Originally Posted by crounsa810
Combining functions is when you do g o f (x). g o f (x) = g (f(x)). So you gotta calculate f(x) first and then that will be your x in your g(x). You gotta be careful when you combine functions. The range of the first function must be in the domain of the second. For example if
f(x) = -x² - 5 (always negative)
g = square root function
g o f doesn't exist in that situation, because g (something negative) is impossible. So whenever you have a g o f (x) thing, always make sure it's legit.
Inverse Functions and their Representations
f(x) = y
The inverse function is the function (let's call it g) that will do g(y) = x. It doesn't always exist. For every y, there must be one and only one x.

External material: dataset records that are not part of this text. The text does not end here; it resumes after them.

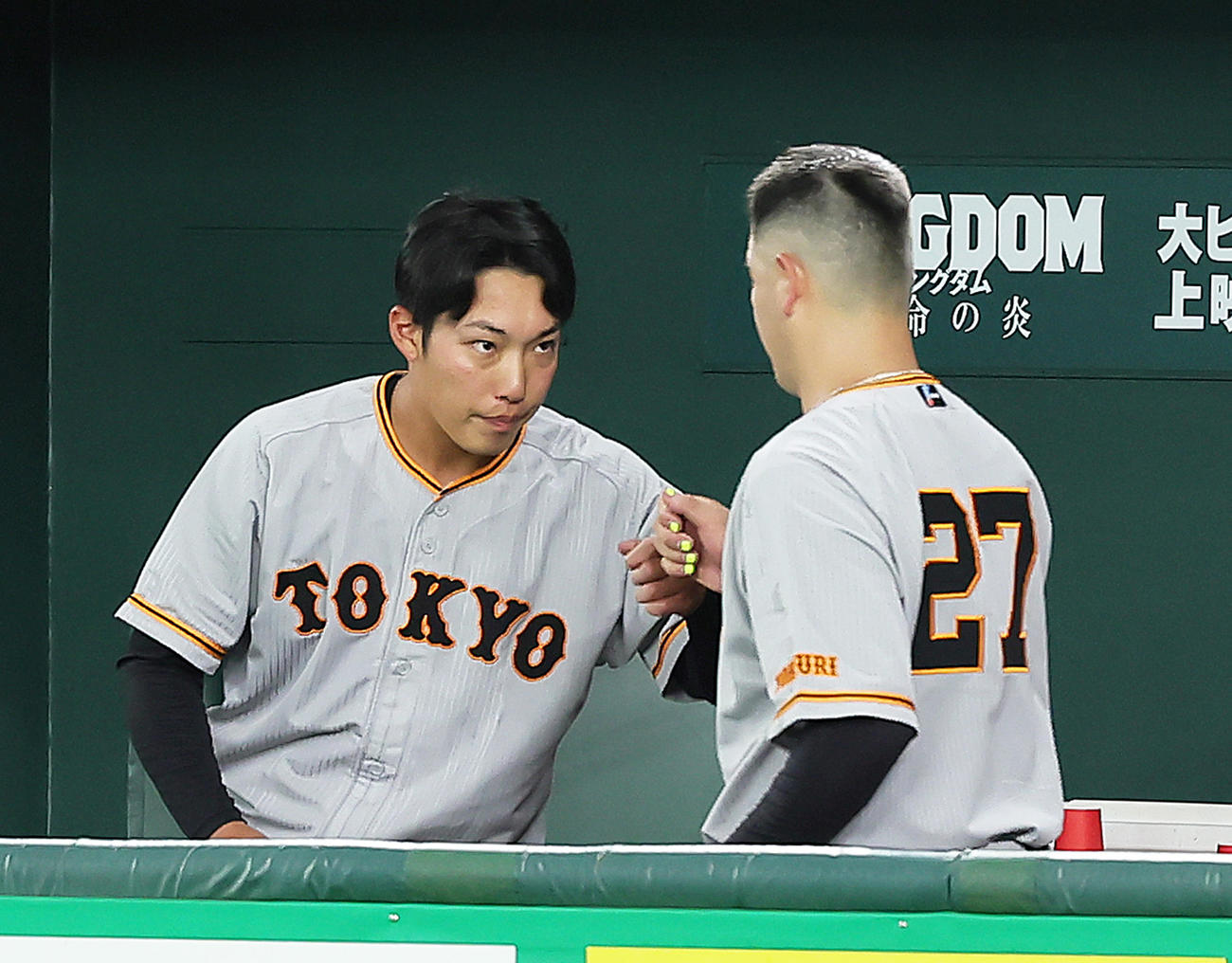 巨人対ヤクルト　7回を無失点で終えた巨人赤星（左）は捕手岸田とタッチを交わす（撮影・足立雅史）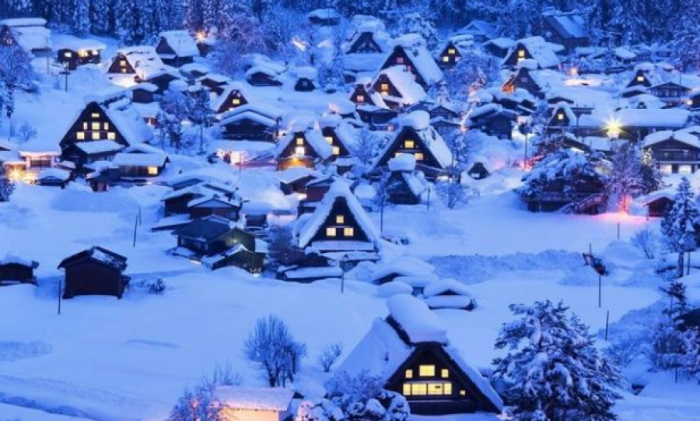 Mrekullia e ‘Tetë e Botës’! Fshati japonez ku bora thyen çdo rekord (FOTO)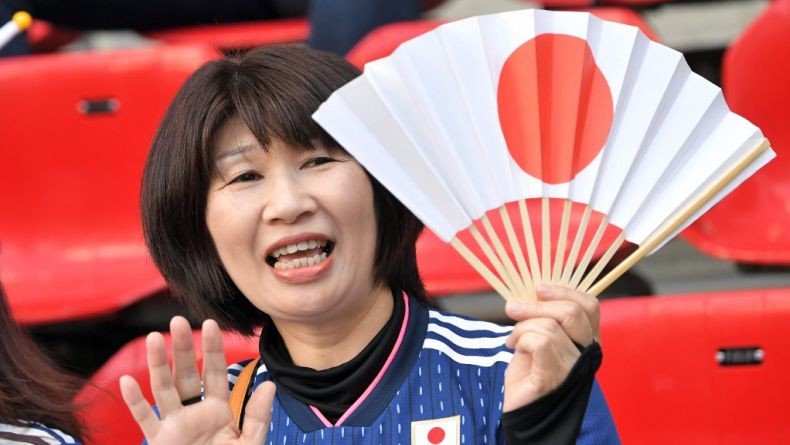 Suporter Jepang Kembali Dipuji Dunia usai Bersihkan Tribune Stadion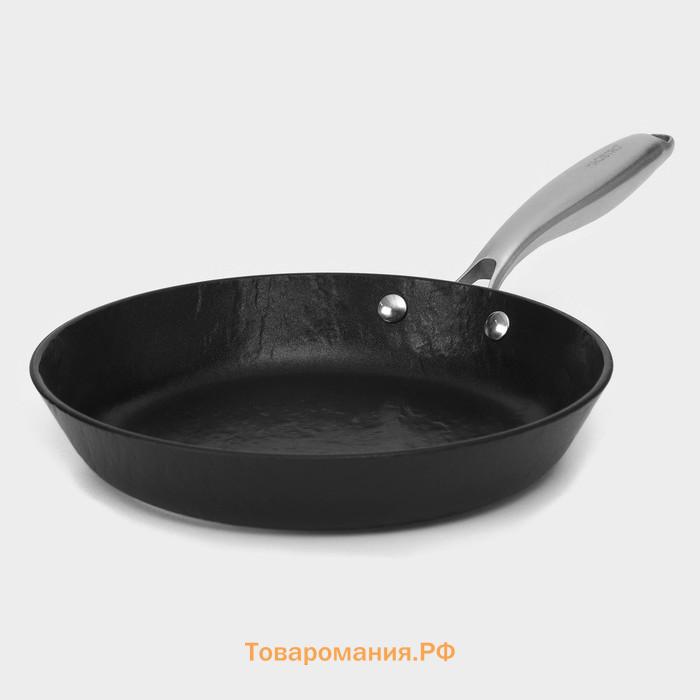Сковорода Magistro Rock Stone, d=24 см, h=4.5 см, кованый алюминий, антипригарное покрытие, индукция, чёрная
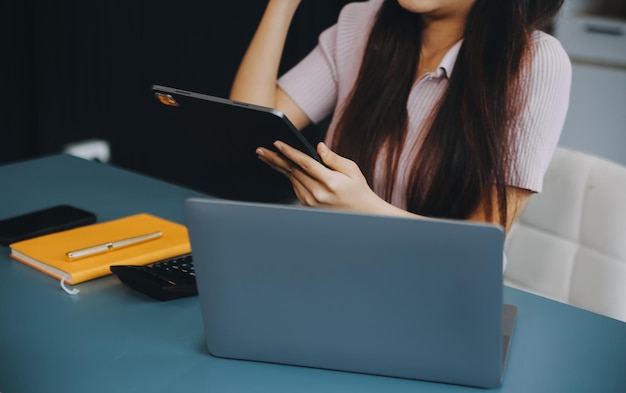 La mujer trabaja en la oficina Concepto de pequeña empresa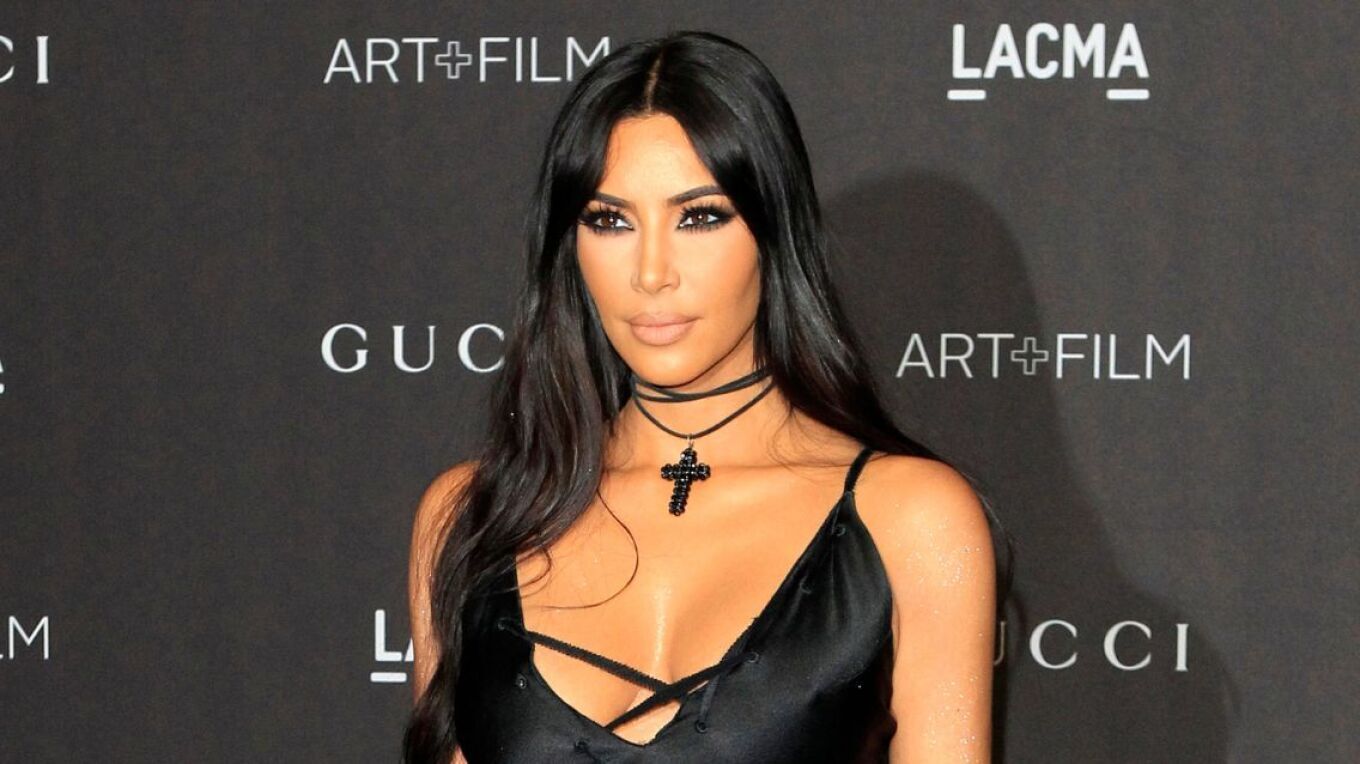 Η Κιμ Καρντάσιαν φόρεσε μποτάκια της εταιρείας του πρώην της, Κάνιε Γουέστ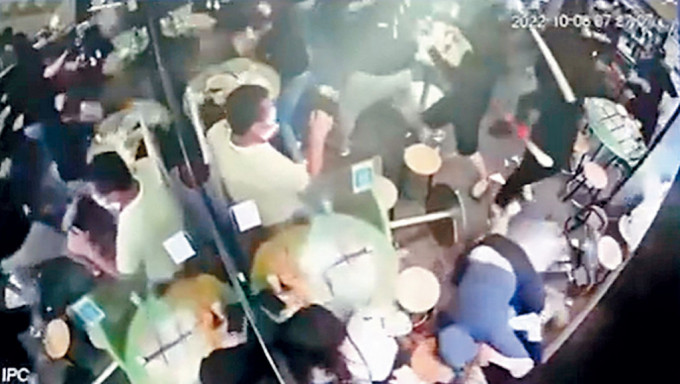 六名大汉上周六闯入餐厅，向三人挥刀棍施袭。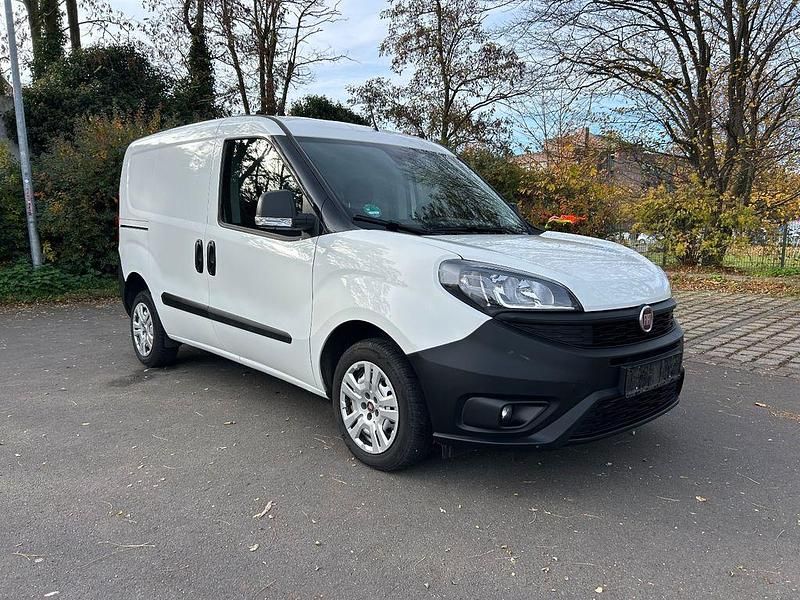 Gebraucht Fiat Doblò 95 PS (69 kW) 2020 Weiß Van / Kleinbus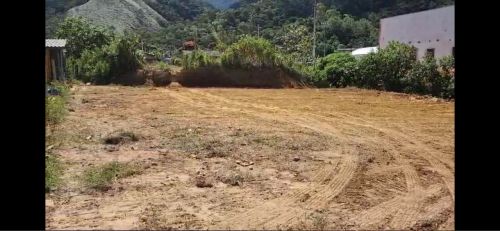 Terreno à venda no coração de Patrimônio da Penha!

For example if f(x) = x², f doesn't have an inverse function
f(3) = 9
f(-3) = 9
So for 9, you have 2 possible numbers. So it's not invertible.
In terms of composition, you have g o f = f o g = Id. Id is the function h(x) = x.
Again you have to be careful about the range and the domain of those functions. The domain of one must be the range of the other one.
Exponential Functions and Models
Exponential is the function that's the answer to the differential equation y' = y. So when you derive that function, you have the exact same thing.
exp(x) = 1 + x + x²/2 + (x^3)/6 + ... + (x^n) / (n!) + ... (goes on forever)
Derive that, you get the exact same thing.
It's also e^x, where e is a real number, so it has all the properties you could expect from it.
exp(a+b) = exp(a) * exp(b).
It's no different than when you do x² * x^3 = x^5
x² * x^3 = x^(2+3) = x^5
exp(a-b) = exp(a)/exp(b)
Because a-b = a + (-b). And x^(-n) = 1/(x^n)
Logarithmic Functions and Models
Log is the inverse function of exp.
ln(e^x) = x
And when you derive it, you get the function x --> 1/x
And one piece of advice, f and f(x) are not the same thing. f(x) is a number, f is a function. So never say g(x) is the inverse function of f(x), that doesn't make any sense.